Blank-check companies, or special purpose acquisition companies (SPACs), which use proceeds from share sales to fund future acquisitions, can work well. Retailer American Apparel Inc was acquired last year by one.
SPACs raised nearly four times more in 2007 than in the year before, bolstered by a credit crunch that sidelined competitors like private equity firms that rely on debt to make acquisitions.
But SPACs, which sold more than $12 billion of shares last year, have run afoul of investors like hedge funds -- who can demand that the companies return cash if they don't like a potential acquisition.
"Some of the difficulty for SPACs in completing acquisitions is the entrance of what might be described as activist investors," said Brett Goetschius, publisher of DealFlow Media, which collects data and has a newsletter on SPACs. "Investors can essentially 'greenmail' the SPAC management to buy out their shares in order to get acquisition approval."
SPACs float shares with the intention of funding acquisitions -- which must be approved by a certain percentage of shareholders, whose money may otherwise be returned at a possible expense to the SPAC sponsors or underwriters.
Investors such as hedge funds have recently pushed against acquisitions, with the number of shareholders favoring a transaction falling short of the level required for approval. That means the SPAC may have to liquidate and return investor funds -- potentially giving naysaying shareholders leverage over sponsors that could otherwise bear some of that cost.
"SPACs have had increasing challenges with their shareholder votes in the last year," said Thomas Ivey, a partner at Skadden, Arps, Slate, Meagher & Flom LLP, who works on the offerings.

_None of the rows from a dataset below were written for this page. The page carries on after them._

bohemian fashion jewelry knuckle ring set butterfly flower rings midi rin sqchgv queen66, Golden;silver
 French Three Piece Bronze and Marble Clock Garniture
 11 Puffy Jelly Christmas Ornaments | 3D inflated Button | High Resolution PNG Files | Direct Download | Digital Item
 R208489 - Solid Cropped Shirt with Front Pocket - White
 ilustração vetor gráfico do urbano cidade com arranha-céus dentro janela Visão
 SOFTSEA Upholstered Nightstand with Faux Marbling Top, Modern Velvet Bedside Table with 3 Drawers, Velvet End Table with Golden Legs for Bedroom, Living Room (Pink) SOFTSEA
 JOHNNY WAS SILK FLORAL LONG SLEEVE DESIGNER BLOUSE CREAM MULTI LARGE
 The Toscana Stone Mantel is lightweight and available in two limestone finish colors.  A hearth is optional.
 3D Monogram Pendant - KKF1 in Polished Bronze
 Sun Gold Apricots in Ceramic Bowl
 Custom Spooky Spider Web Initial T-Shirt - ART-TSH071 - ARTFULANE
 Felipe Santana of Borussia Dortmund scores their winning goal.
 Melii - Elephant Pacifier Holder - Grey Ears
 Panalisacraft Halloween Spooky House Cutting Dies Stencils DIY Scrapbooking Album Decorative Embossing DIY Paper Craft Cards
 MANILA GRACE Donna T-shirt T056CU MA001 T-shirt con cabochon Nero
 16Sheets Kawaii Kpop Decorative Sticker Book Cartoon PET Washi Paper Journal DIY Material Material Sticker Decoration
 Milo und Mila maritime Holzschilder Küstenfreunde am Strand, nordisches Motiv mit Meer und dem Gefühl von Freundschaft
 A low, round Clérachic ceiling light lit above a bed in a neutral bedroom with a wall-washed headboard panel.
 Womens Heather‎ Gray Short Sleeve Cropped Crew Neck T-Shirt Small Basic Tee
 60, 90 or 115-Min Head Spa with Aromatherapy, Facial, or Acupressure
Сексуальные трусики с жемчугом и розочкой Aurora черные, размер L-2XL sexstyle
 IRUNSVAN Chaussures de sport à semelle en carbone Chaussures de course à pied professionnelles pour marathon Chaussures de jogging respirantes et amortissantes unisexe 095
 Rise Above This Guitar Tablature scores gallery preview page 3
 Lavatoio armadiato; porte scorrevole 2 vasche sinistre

"There's a fine line between a realistic check on a sponsor and having a deal structure that can incentivize a small group of shareholders to hijack the process and hold it hostage," Ivey said, referring to the threshold of shareholder approval required to complete an acquisition.
Blank-check company Harbor Acquisition Corp HAC.A said this month it was considering liquidation after shareholders failed to approve an acquisition. Last month another SPAC, HD Partners Acquisition Corp HDP.A, said it would dissolve after shareholders did not approve an acquisition.
Harbor and HD share many of the same hedge fund investors. For example, as of December, Dallas-based HBK Investments LP was a top institutional investor in both, according to Reuters data. HBK did not return a call for comment.
In response, SPACs have sought ways to thwart activists -- such as raising the threshold of shareholders needed to stop an acquisition, which has historically been 20 percent.
"We have increased the threshold to reduce the risk of a small group of stockholders exercising undue influence on the approval process," K Road Acquisition Corp, a SPAC with a 40 percent threshold, wrote in an offering document.
Another approach is capping the amount of stock an investor can convert into cash after voting against a transaction. Trian Acquisition I Corp TUX.A said in a filing that such a limit was intended to prevent shareholders from using "the conversion right as a means to force us or our management to purchase their stock at a premium to the then current market price."
As a further backstop to completing a deal, if a potential acquisition is announced and Trian's shares fall below a particular value, an affiliate of its sponsor will buy up to $75 million of shares from investors, according to the filing.
Those measures could prove costly. If a SPAC acquisition is approved without a substantial percentage of shareholders signing off, completion may be jeopardized by a lack of funds.
Either could be expensive for sponsors or underwriters, who may ultimately be on the hook for expenses like offering fees.
"The protections for shareholders are extraordinary," said Phillip Goldstein of Bulldog Investors, which manages about $500 million and recently launched a dedicated SPAC fund. "But for a sponsor it's high risk and high reward."
With the increasing amount of risk, some sponsors are questioning if this market is so good for SPACs after all. And a few are hesitating with plans, according to market sources.
"There is no question that the terms have been getting more investor-friendly and less favorable to sponsors," said Skadden's Ivey. "It will be interesting to see whether that reduces the likelihood that sponsors will want to launch new SPACs."